By running the optimisation strategies to improve a chip by one design point, such as the maximum chip size in millimetres, the outcome of those experiments can then be fed to a subsequent optimisation method as inputs. The Apollo team found that various optimisation methods improve their performance on a task like area-constrained circuit design by leveraging the best results of the initial or seed optimisation method. 
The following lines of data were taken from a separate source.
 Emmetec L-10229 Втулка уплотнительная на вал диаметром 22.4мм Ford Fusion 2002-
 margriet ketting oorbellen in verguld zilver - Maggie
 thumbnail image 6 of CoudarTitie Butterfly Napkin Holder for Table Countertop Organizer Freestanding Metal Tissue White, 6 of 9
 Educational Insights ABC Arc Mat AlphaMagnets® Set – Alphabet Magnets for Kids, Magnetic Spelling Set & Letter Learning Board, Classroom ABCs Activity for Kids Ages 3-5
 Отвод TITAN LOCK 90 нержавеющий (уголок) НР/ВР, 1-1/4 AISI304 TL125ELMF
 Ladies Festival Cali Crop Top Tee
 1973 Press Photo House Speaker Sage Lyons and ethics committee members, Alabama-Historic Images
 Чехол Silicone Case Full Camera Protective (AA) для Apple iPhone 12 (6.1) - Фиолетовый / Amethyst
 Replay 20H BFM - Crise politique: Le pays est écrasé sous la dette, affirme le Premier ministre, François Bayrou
All of this has to be bracketed by the fact that designing chips for MobileNet or any other network or workload is bounded by the design process’s applicability to a given workload. 

One of the authors, Berkin Akin, who helped develop a version of MobileNet, MobileNet Edge, has pointed out that optimisation is a product of both chip and neural network optimisation. 

“Neural network architectures must be aware of the target hardware architecture to optimise the overall system performance and energy efficiency,” wrote Akin last year in a paper with colleague Suyog Gupta.

How valuable is hardware design when isolated from the creation of the neural net architecture?

“Great question,” Akin replied in an email. “I think it depends.” Said Akin, Apollo may be sufficient for given workloads, but what’s called co-optimisation, between chips and neural networks, will yield other benefits down the road.